D.h. es bleibt uns nichts anderes übrig, als viele einzelne Prozesse gedanklich aneinanderzuhängen, wie eine Dominokette. 
Die Entstehung des Lebens, so wie sie auf der Erde stattgefunden hat, wird sich nicht mehr wiederholen, weil die Bedingungen dafür nicht mehr existieren.
Alles, was wir machen können, ist eine (vermutlich etwas ) andere Art der Entstehung des Lebens zu simulieren. Genau werden wir es nie erfahren, denn selbst die ersten Urzellen geben nur Hinweise, keine komplette Aufzeichnung.
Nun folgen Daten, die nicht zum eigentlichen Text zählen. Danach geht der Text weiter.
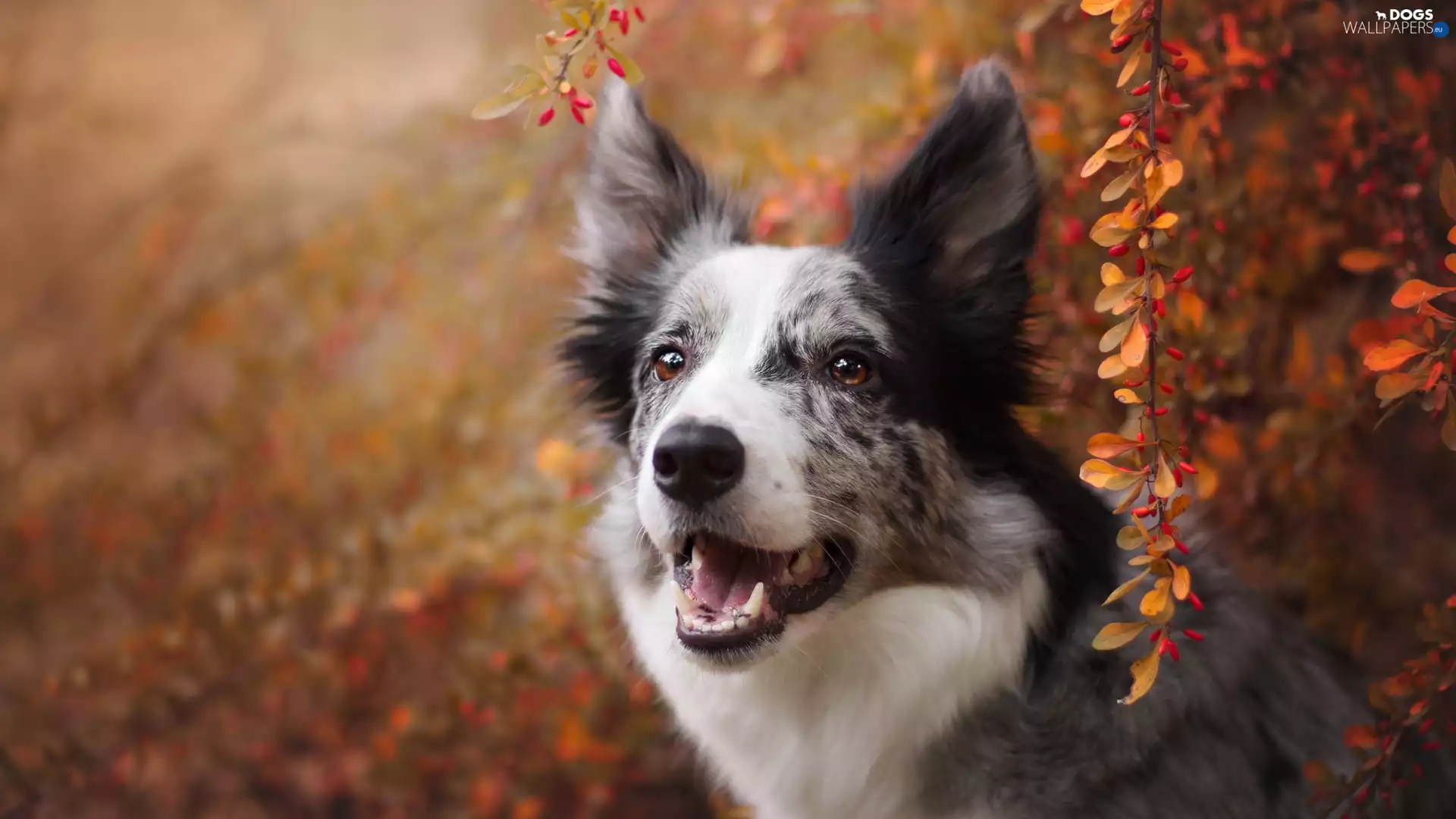 Bush, dog, leaves, Twigs, Autumn, Border Collie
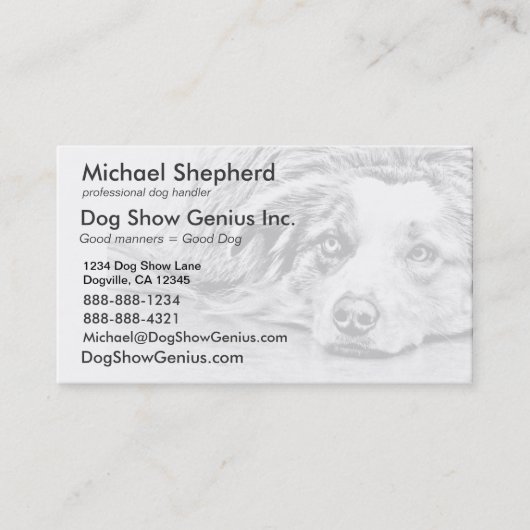 Australische Schäferhundekunst Visitenkarte (Vorderseite)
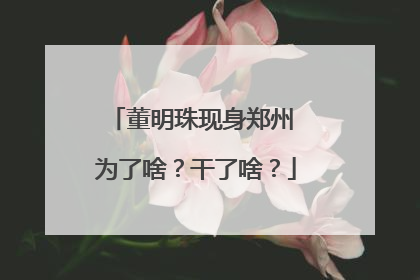 董明珠现身郑州 为了啥？干了啥？
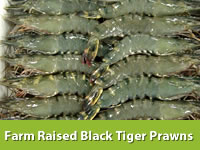 Best Fresh Okra Vegetables Suppliers in India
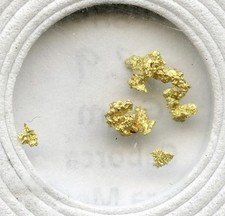 Gold Nuggets from Caborca Sonora Mexico 0.29 Grams - R375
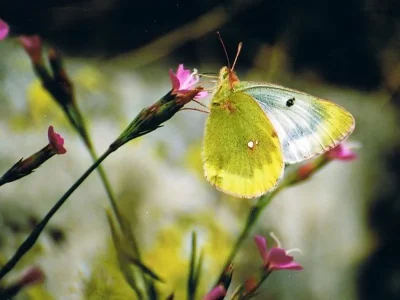 Colias phicomone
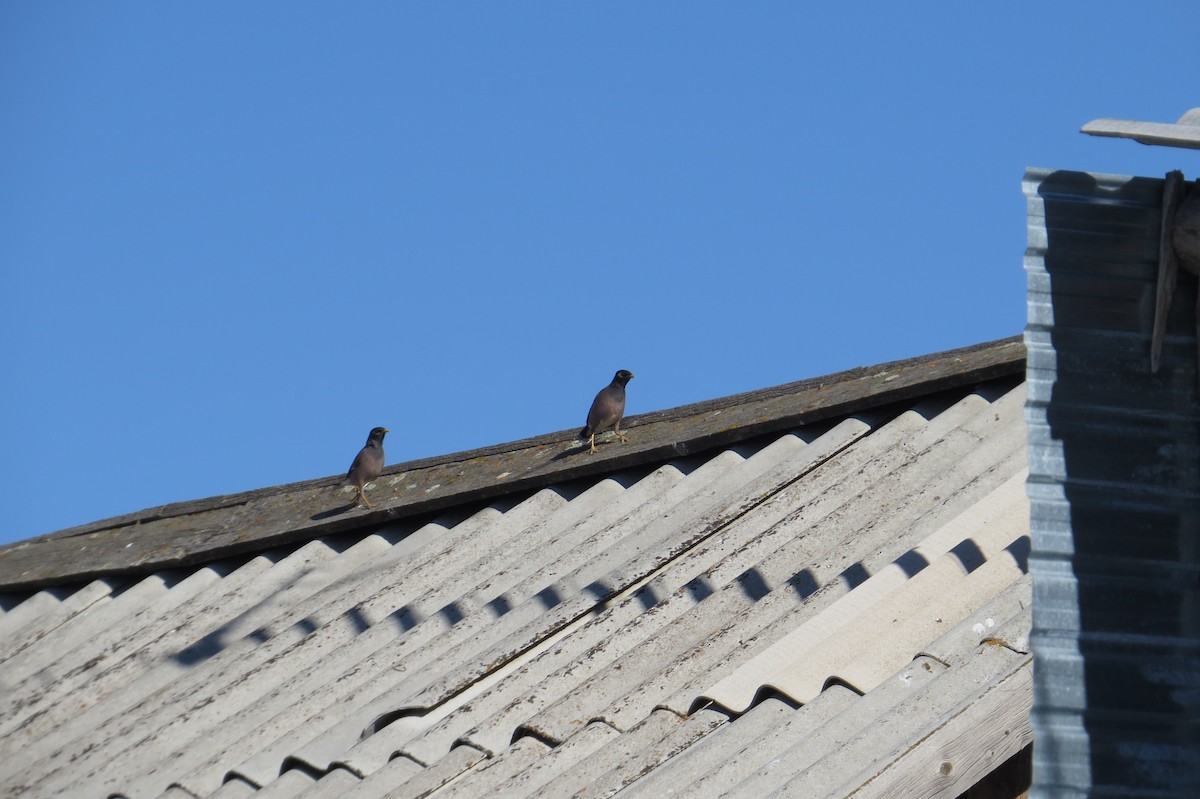 majna obecná - ML642112389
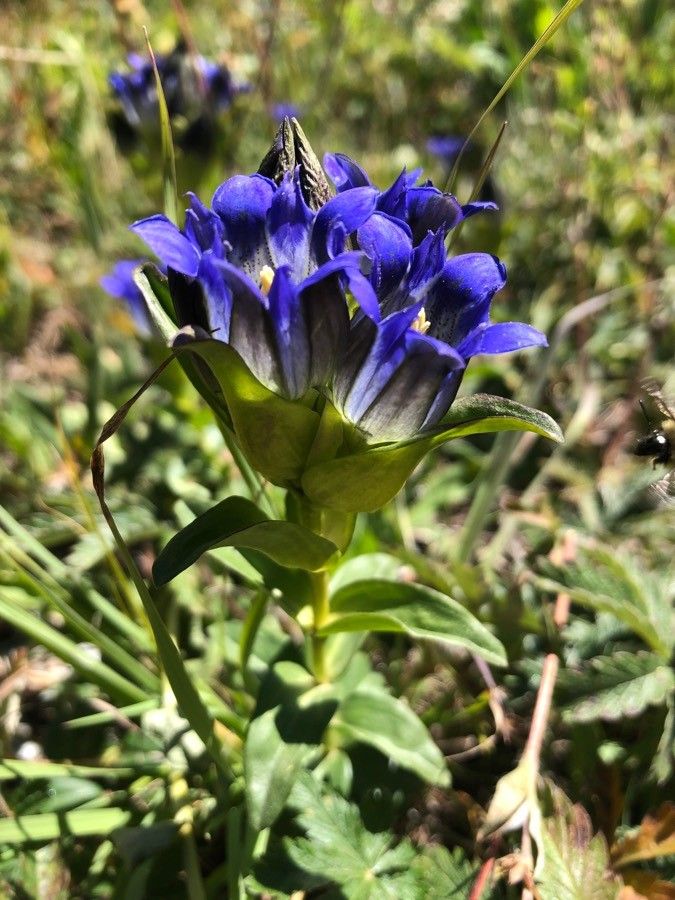 Gentiana parryi — search result for 'Gentiana'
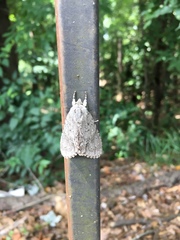 Acronicta lobeliae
Auf anderen Planeten könnte die Entstehung vermutlich etwas anders ablaufen.

Es stimmt, dass die genaue Reihenfolge, wie das Leben auf der Erde entstanden ist, insgesamt sehr unwahrscheinlich ist.

Das trifft aber auf jede Reihenfolge zu:
Wenn ich in einem Kartenspiel 32 Karten austeile, ist die Wahrscheinlichkeit, dass genau diese Reihenfolge zustande kommt, so unwahrscheinlich, dass man diese genaue Reihenfolge nicht noch einmal in der Lebenszeit des Universums erwarten kann.
Es gibt aber so viele mögliche Reihenfolgen, dass das egal ist - eine Reihenfolge kommt schließlich dabei heraus, egal wie unwahrscheinlich sie ist.